Although other Diaspora communities in Canada are involved on behalf of their countries of origin, the Jewish community is unique, Lyons said. “I’m particularly fortunate with the Canadian Jewish community, because they’re so active and they’re so committed, on the whole political spectrum.”
Lyons has already unofficially served more than two months in Israel, during which she has received hundreds of representatives of the Canadian public and private sector, including the governor general and a joint mission by the mayors of Toronto and Montreal.
A career diplomat who previously served in Afghanistan and Washington, D.C., Lyons was appointed by Prime Minister Justin Trudeau just a little more than two years into Bercovici’s term. Ambassadors normally serve for three or four years.

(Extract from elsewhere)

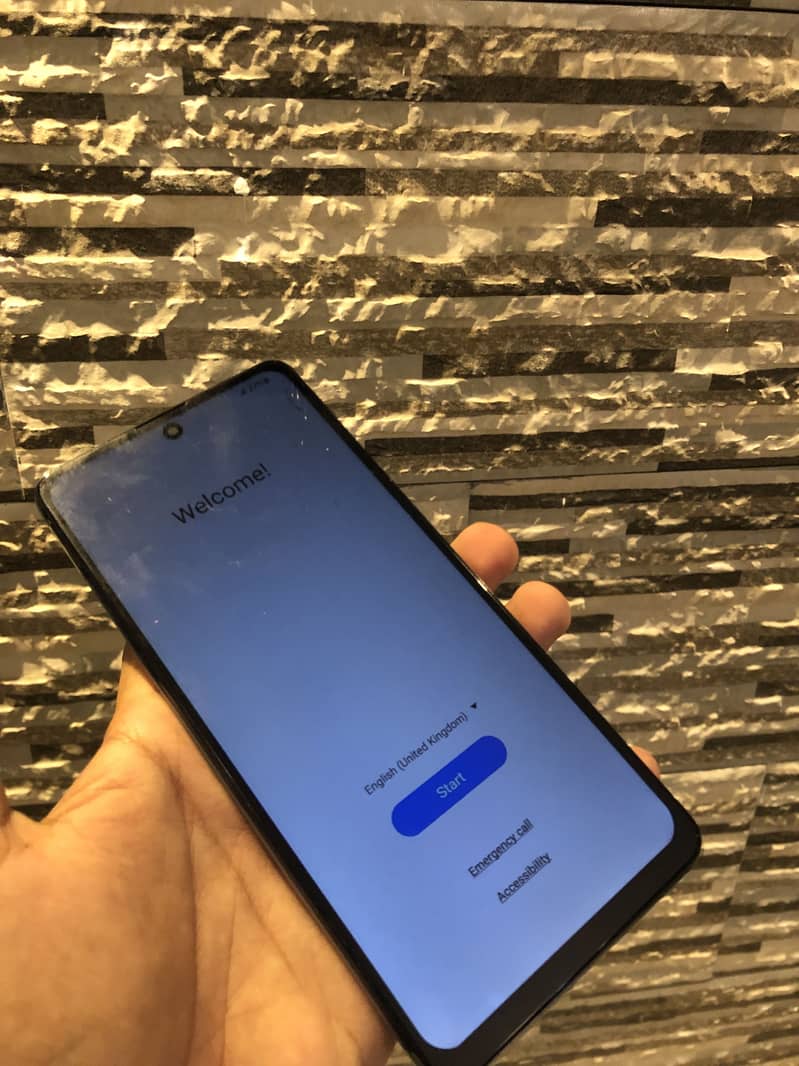 SAMSUNG A71 10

News of Lyons’ appointment received a mixed reception within Canada’s Jewish community, many of whom had actively supported Bercovici, a Toronto lawyer with no previous diplomatic experience. However, the change has been applauded by those who felt Bercovici lacked balance in her approach to Israel and the Middle East.
In November 2015, Foreign Affairs Minister Stéphane Dion announced that Trudeau would be taking a less “partisan” approach toward Israel than that of former prime minister Stephen Harper. Shimon Fogel, CEO of the Centre for Israel and Jewish Affairs, suggested to The CJN in May 2016 that Bercovici may have been replaced due to her “very outspoken” views.
Trudeau has named more than 26 new Canadian ambassadors this year.
In an off-the-cuff talk at the Dec. 12 ceremony, Rivlin referred to his brief meeting with Trudeau during Trudeau’s quick stop in Israel for the funeral of former Israeli president Shimon Peres and expressed the hope a longer visit will follow soon. Rivlin commented, “In another year, you will celebrate 150 years of the existence of Canada. I hope that we will celebrate together 150 years of the Israeli state.”
He mentioned the friendship between the two countries based on shared values and highlighted Canada as a model of coexistence between French and English speakers.
Rivlin noted that even though the two countries remain friends, they can still criticize one another when necessary. Israel takes Canada’s insights seriously, he said, knowing “that this is a real friendship that goes back such a long time, in so many areas.”
He also mentioned that he has relatives in Winnipeg, prompting Lyons to respond that “Winnipegers are special Canadians, very hardy Canadians.”
On Dec.12, Rivlin also received new ambassadors from Cambodia, Guatemala, France, and Turkey. The Turkish appointment is believed to be part of a new diplomatic approach by both governments after a period of strained relations following Operation Cast Lead in Gaza in 2009 and the 2010 Gaza flotilla incident.